Record extracts:
+ + + + + + +

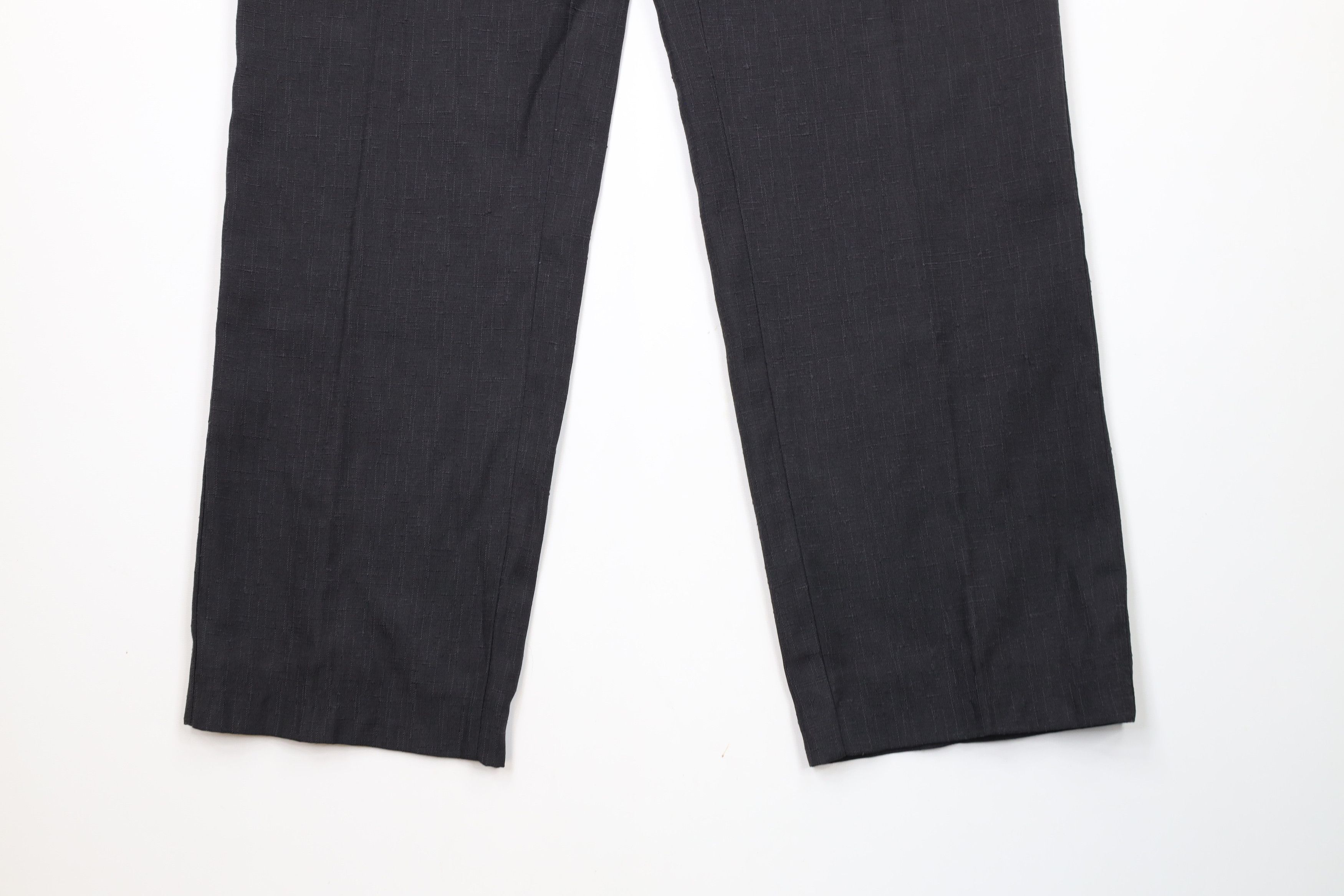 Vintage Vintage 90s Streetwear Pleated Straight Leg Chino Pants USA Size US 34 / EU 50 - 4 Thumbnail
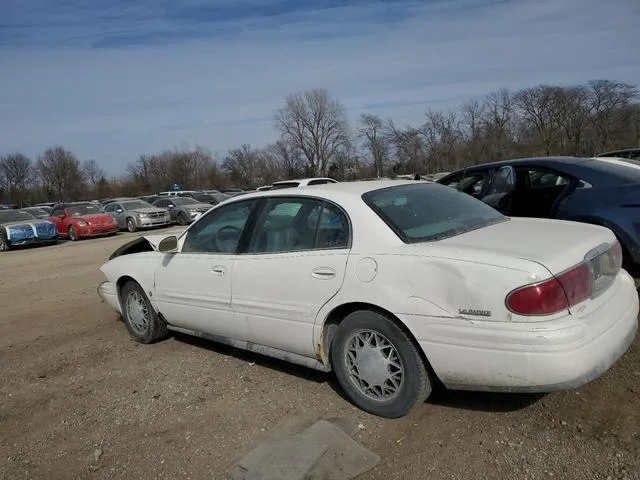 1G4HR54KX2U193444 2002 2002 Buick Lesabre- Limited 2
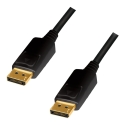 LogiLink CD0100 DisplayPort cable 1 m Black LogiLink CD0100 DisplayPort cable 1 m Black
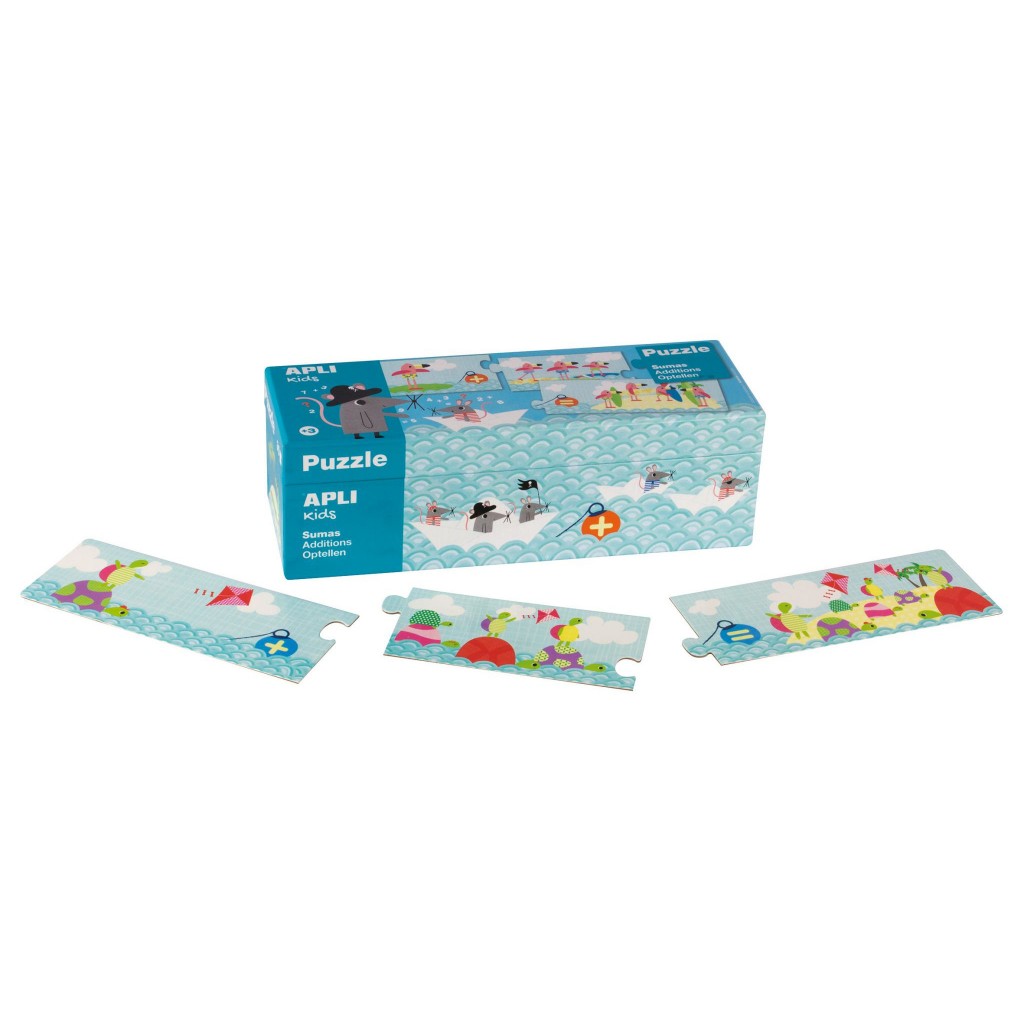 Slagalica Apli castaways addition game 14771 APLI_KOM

+ + + + + + +

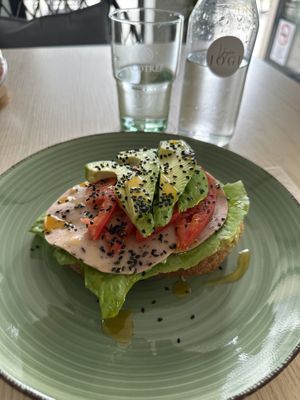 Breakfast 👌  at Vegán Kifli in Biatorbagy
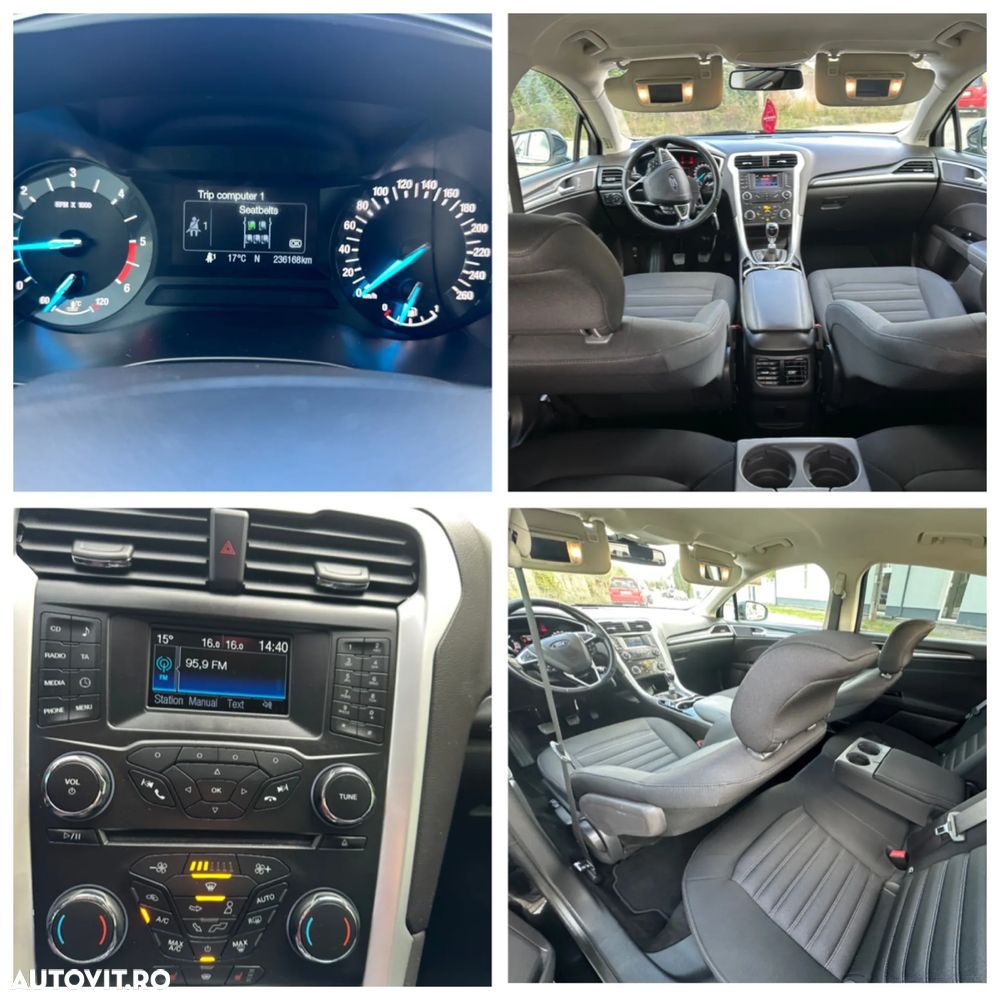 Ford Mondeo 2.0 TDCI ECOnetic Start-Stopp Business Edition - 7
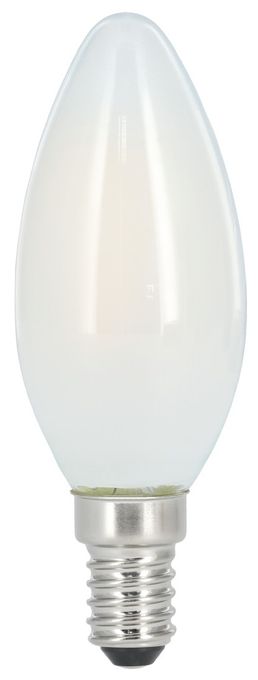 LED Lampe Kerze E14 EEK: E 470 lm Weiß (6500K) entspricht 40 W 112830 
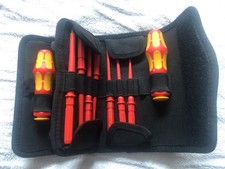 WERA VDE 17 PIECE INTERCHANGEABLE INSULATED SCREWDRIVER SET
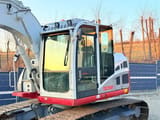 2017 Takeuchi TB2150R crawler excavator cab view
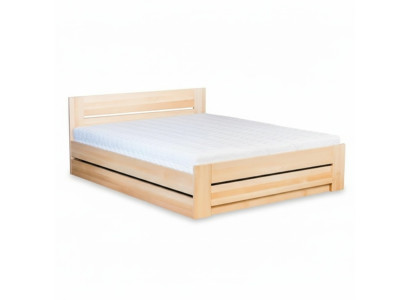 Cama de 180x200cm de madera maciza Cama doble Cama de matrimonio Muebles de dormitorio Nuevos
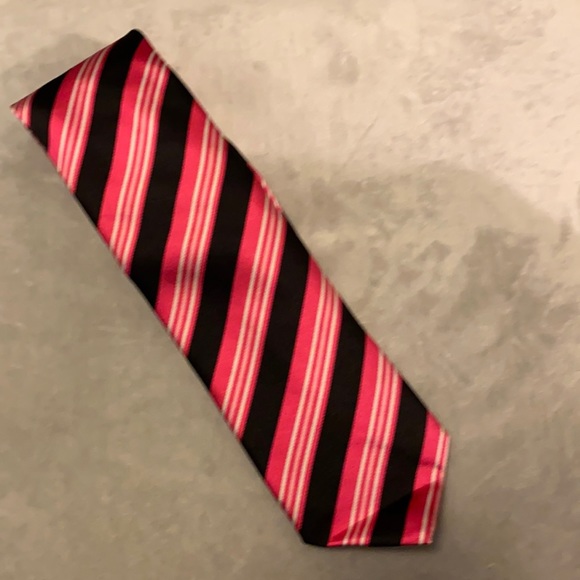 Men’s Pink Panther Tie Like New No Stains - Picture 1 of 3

+ + + + + + +

Activity:
In the listing above, find the line containing "LogiLink CD0100 DisplayPort cable 1 m Black LogiLink" and the line containing "Slagalica Apli castaways", then print exactly those two lines and every line between them, minus the pictures.

Solution for this task:
 LogiLink CD0100 DisplayPort cable 1 m Black LogiLink CD0100 DisplayPort cable 1 m Black
 Slagalica Apli castaways addition game 14771 APLI_KOM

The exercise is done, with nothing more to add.